▸ **WHAT YOU NEED TO DO**: Would you repeat word for word the lines of the listing that follows, from the one with "đọc truyện Thiên" up to and including the one with "2869 Valley Park Drive - Photo 15", and leave out the images?

▸ **INPUT RECORDS**:
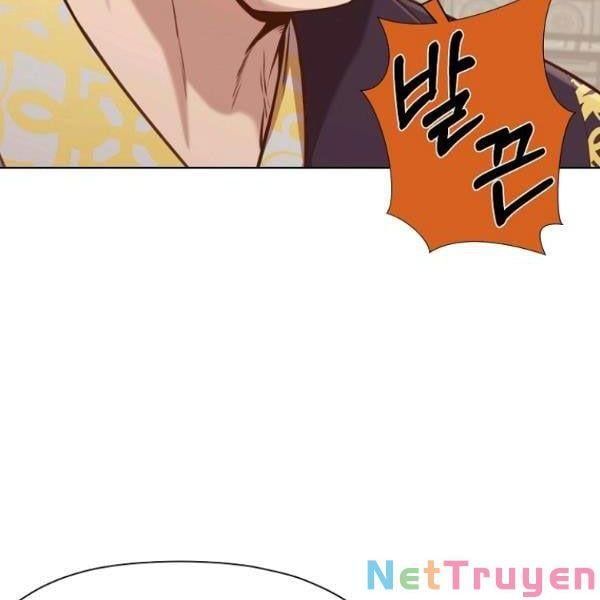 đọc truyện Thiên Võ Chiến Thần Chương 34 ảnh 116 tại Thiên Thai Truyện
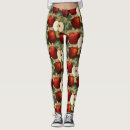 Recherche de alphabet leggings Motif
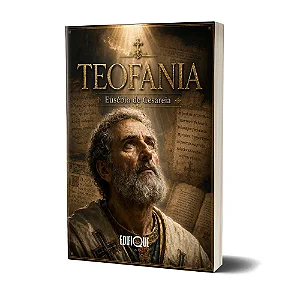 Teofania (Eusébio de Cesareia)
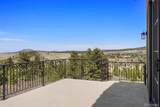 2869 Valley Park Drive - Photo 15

---

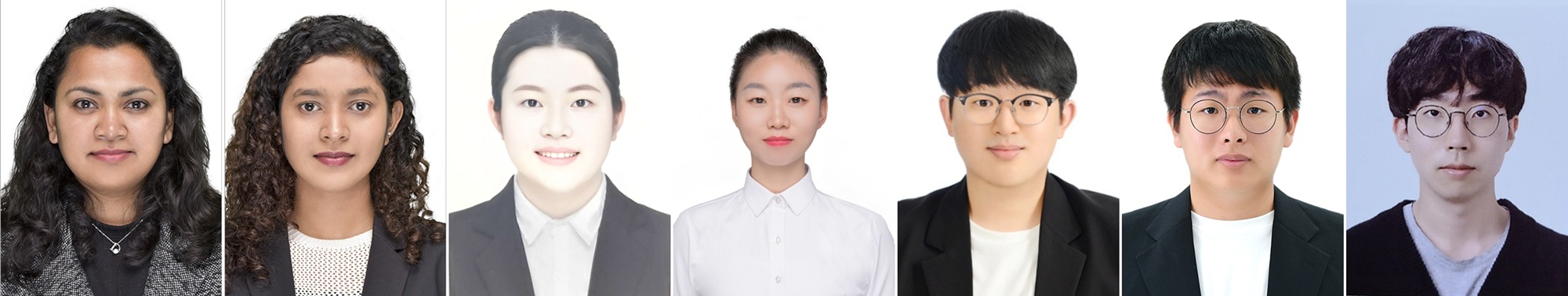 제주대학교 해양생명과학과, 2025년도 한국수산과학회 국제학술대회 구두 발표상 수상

...

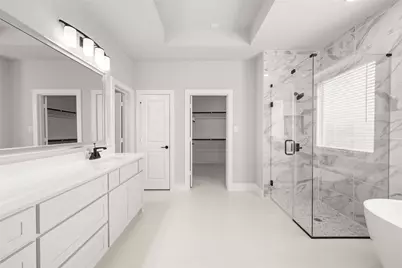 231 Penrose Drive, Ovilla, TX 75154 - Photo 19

▸ **RESPONSE TO THE EXERCISE**:
 đọc truyện Thiên Võ Chiến Thần Chương 34 ảnh 116 tại Thiên Thai Truyện
 Recherche de alphabet leggings Motif
 Teofania (Eusébio de Cesareia)
 2869 Valley Park Drive - Photo 15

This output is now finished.